Today we went strawberry picking.  It’s alway a lot of work but great fun!  My daughter certainly enjoys it.  We picked three big baskets.  As soon as I got home, I started to process them.  I have several in the freezer and made some jam.  I’m going to throw some on the dehydrator later.  A friend suggested I make strawberry shrub syrup which I hadn’t ever heard of before, but I’m intrigued!  Perhaps tomorrow.  I may even have enough to make more jam!

While picking, I found several patches of wild chamomile and red clover.  I brought some home to dry.  Both are great in tisanes.  My hands smell delicious…

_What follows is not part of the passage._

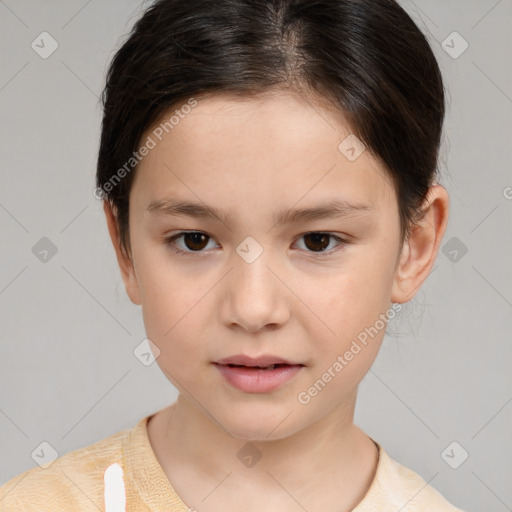 Neutral white child female with short  brown hair and brown eyes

A few days ago, we had our first bonfire of the year at our home.  We decided that we would  toast some vegan marshmallows we had leftover from Bee’s birthday party.  I taught Bee that we need young wood on which to place the marshmallows while we toast them.  We brought an offering of water to the nearby apple tree.  Bee reached up and asked permission without any prompting!  She then held the cup of water up, presenting it to the tree.  She poured the water and then I found suitable branches to cut.  We gave the tree our thanks.  I explained to Bee that I normally don’t harm trees, but sometimes young wood is necessary.  I was really impressed with her respect and how easily the words came to her.  I’m definitely a proud Druid mama!  Hopefully the tradition of working with plants will continue in my family for another generation.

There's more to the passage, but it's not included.